Division of Applied Mathematics, Brown University, Providence, Rhode Island 02912, USA.
J Chem Phys. 2018 Jan 21;148(3):034101. doi: 10.1063/1.5008630.
Molecular fingerprints, i.e., feature vectors describing atomistic neighborhood configurations, is an important abstraction and a key ingredient for data-driven modeling of potential energy surface and interatomic force. In this paper, we present the density-encoded canonically aligned fingerprint algorithm, which is robust and efficient, for fitting per-atom scalar and vector quantities. The fingerprint is essentially a continuous density field formed through the superimposition of smoothing kernels centered on the atoms. Rotational invariance of the fingerprint is achieved by aligning, for each fingerprint instance, the neighboring atoms onto a local canonical coordinate frame computed from a kernel minisum optimization procedure. We show that this approach is superior over principal components analysis-based methods especially when the atomistic neighborhood is sparse and/or contains symmetry. We propose that the "distance" between the density fields be measured using a volume integral of their pointwise difference. This can be efficiently computed using optimal quadrature rules, which only require discrete sampling at a small number of grid points. We also experiment on the choice of weight functions for constructing the density fields and characterize their performance for fitting interatomic potentials. The applicability of the fingerprint is demonstrated through a set of benchmark problems.

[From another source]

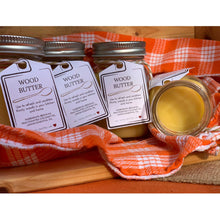 Load image into Gallery viewer, Wood Butter
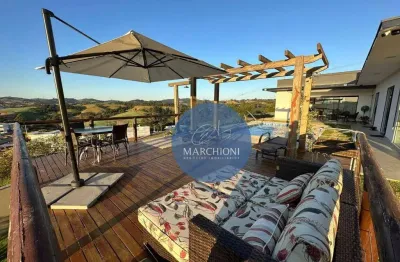 Elegante casa de campo a venda em pinhalzinho sp!!!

分子指纹,即描述原子近邻构型的特征向量,是数据驱动的势能面和原子间力建模的重要抽象和关键组成部分。在本文中,我们提出了一种稳健高效的密度编码正则化指纹算法,用于拟合原子的标量和向量量。指纹实质上是通过在原子中心叠加平滑核形成的连续密度场。通过为每个指纹实例对齐邻近原子到从核最小和优化过程计算的局部正则坐标框架,实现了指纹的旋转不变性。我们表明,这种方法优于基于主成分分析的方法,特别是在原子近邻稀疏和/或包含对称性时。我们建议使用它们逐点差的体积积分来测量密度场之间的“距离”。这可以使用仅在少数网格点进行离散采样的最优求积规则高效计算。我们还对构建密度场的权函数进行了实验,并对其用于拟合原子间势能的性能进行了特征化。通过一组基准问题证明了指纹的适用性。